Конечно, для меня, как и для любого ученика школы де Савера, эта лестница не была чем-то из ряда вон, но я пошел через мост, охраняемый монахами, не желая до срока выставлять себя на обозрение местной голытьбы.

Был отлив, и в бухте немилосердно воняло. Но едва только я открыл дверь в «Последнее пристанище», как в нос мне шибанул такой резкий и смачный запах, что заслезились глаза, а дух гниющих водорослей показался горным воздухом.

Я оглядел кабак и сел в углу перед козлами, чьи массивные ноги вошли в мягкий, много раз орошенный вином и пивом пол, в ожидании, когда ко мне подскочит обслуживающий посетителей мальчишка.

Справа от меня за большим столом веселилась компания во главе с широколицым, плотным воином с красным носом, бритым подбородком и седыми патлами. Одет он был в видавшую виды кожаную рубаху с нашитыми на ней металлическими бляшками и истертые до дыр штаны. По тому, что рядом с ним лежал боевой, а не охотничий лук, я понял, что это военный. Скорее всего, вернувшийся из похода лучник. У стены, где обычно у дворян размещается настил для собак, сидели слуги пропивающего свое жалование бедолаги. Каждый из них подпирал или сидел на тюке, от которого ему, по всей видимости, было запрещено отлучаться даже по нужде. Перед слугами прямо на земляном полу стояли блюда с вареной говядиной и хлебом, которые они запивали кислым вином.

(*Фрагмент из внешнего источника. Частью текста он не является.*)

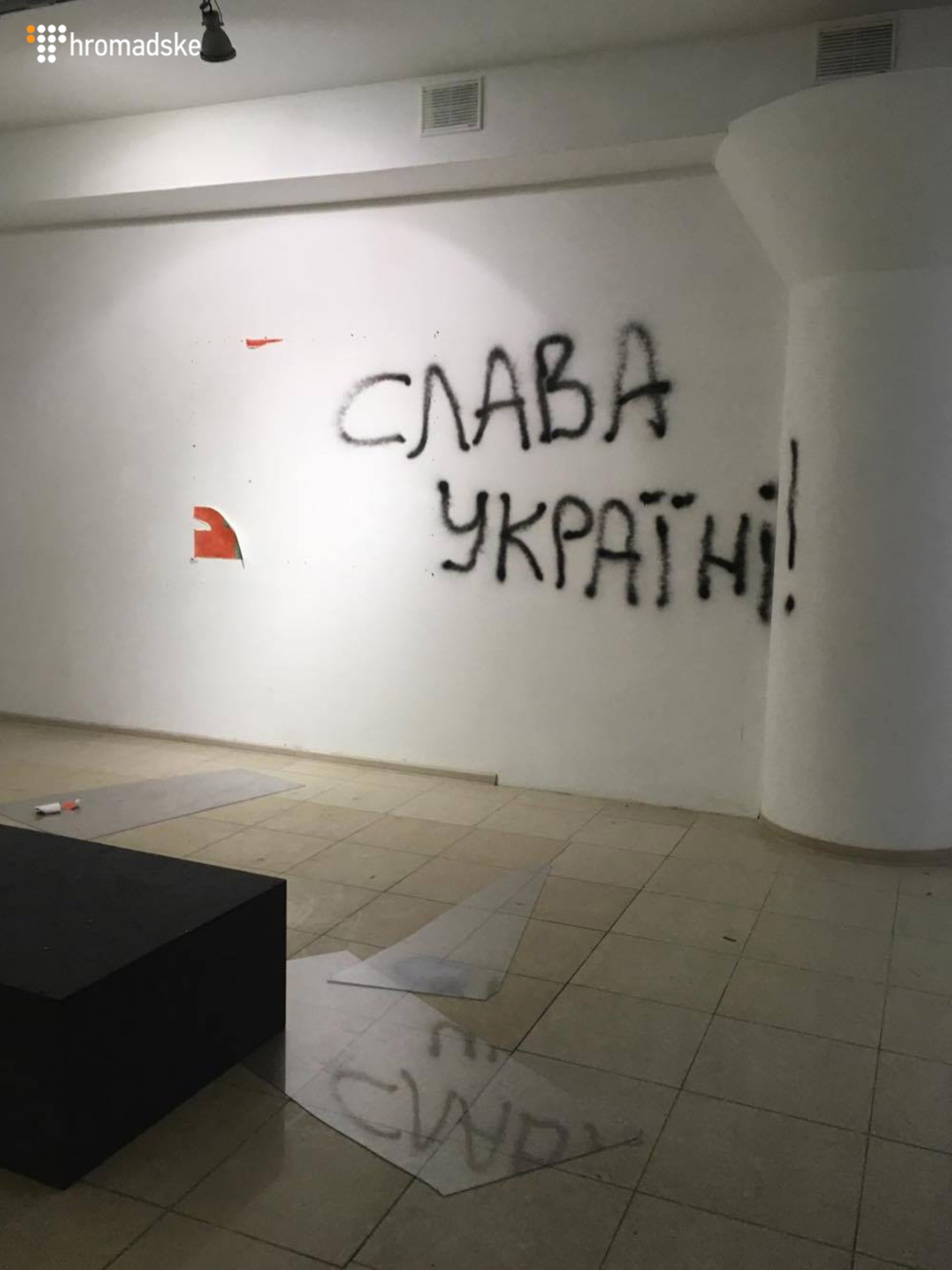 В Киеве неизвестные разгромили выставку украинского художника о событиях на Майдане - 33502 В Киеве неизвестные разгромили выставку украинского художника о событиях на Майдане - фото 33502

То и дело лучник оборачивался к спутникам, проверяя их бдительность и хвалясь перед гостями своими сокровищами.

– Эй, Джон пройдоха, твою так, перетак, что-то я не вижу узел с периной?! Периной перышко к перышку для моей ненаглядной Анни. Отвечай, свиное рыло, где перина, не иначе как сперли, а ты и уши развесил.

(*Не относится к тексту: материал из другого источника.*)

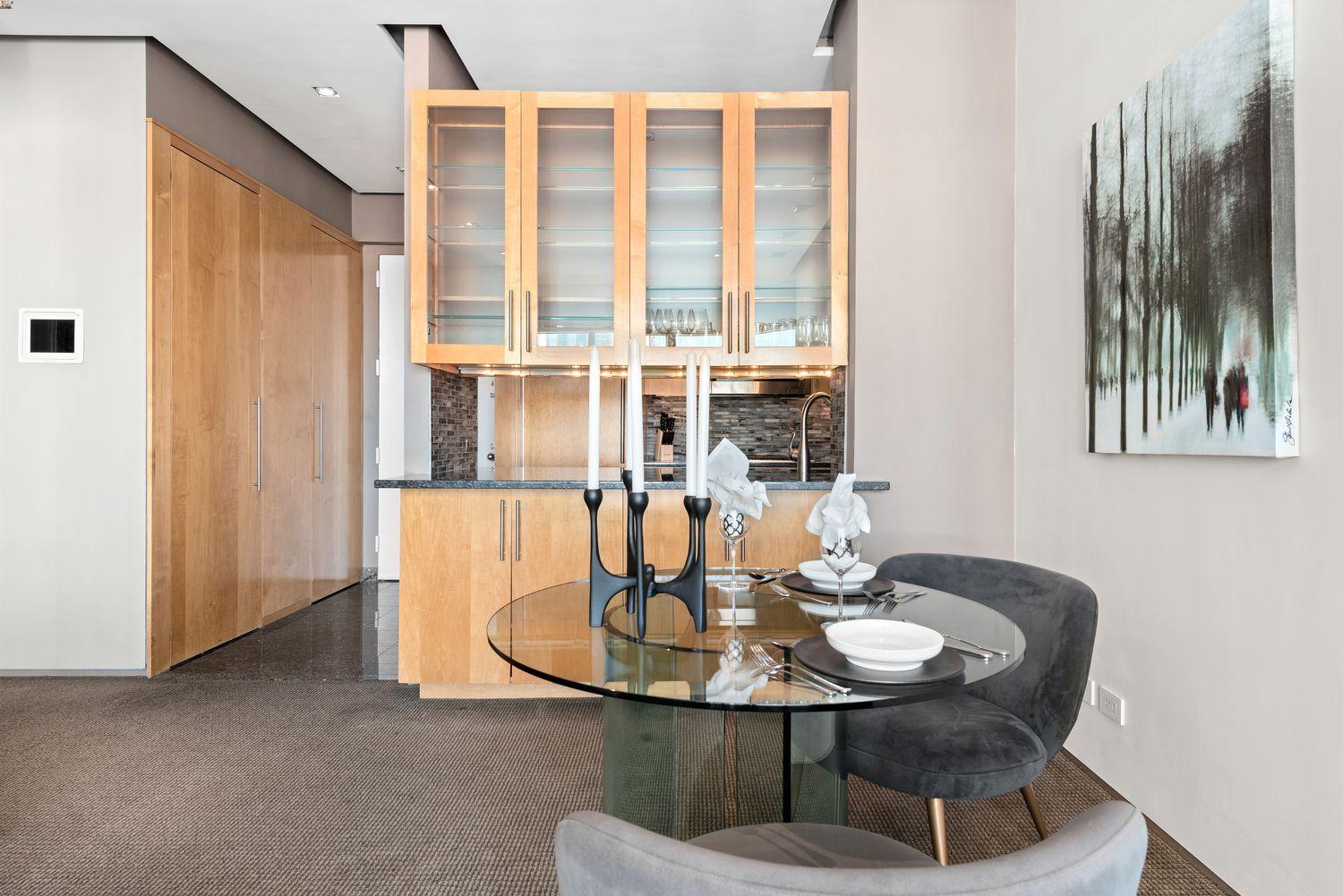 Dr Drew Dining Area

– Ни боже мой, господин, вот она целехонька, извольте проверить. – Носильщик вскочил, вытаскивая здоровенный узел и демонстрируя прореху на заднице. Раздался дружный оглушительный смех.

– Ладно, ладно, смотри, не спи. Не то ты меня знаешь – пристрелю, как собаку, и сброшу в ближайшую канаву.

Трактирный слуга принес столешницу и утвердил ее на козлах передо мной. Я заказал кувшин вина и поджарку.

За одним столом с лучником веселились два ремесленника, судя по пятнам на одежде, красильщики или кожевники, монах и трое крепких парней – либо из лихих людей, либо служащих в отряде какого-нибудь бедного рыцаря.

Я перевел взгляд на камин и заметил еще одного гостя, это был худой, словно щепка, со светлыми глазами и свалявшимися длинными патлами менестрель. Его некогда зеленый плащ вылинял под многочисленными дождями, был порван в нескольких местах и забрызган грязью; на нем не было никакой рубахи, только серое и такое же потасканное, как и он сам, блио. Худые руки музыканта были покрыты грязью, тем не менее пальцы его сжимали маленькую изящную арфу, на которой он тихо наигрывал какую-то мелодию. Было немного странно, что этот явно голодный и страдающий от жестокого похмелья человек не нашел способа присоединиться к развеселой компании. Я привстал и убедился, что перед музыкантом не стоит даже кружки с вином.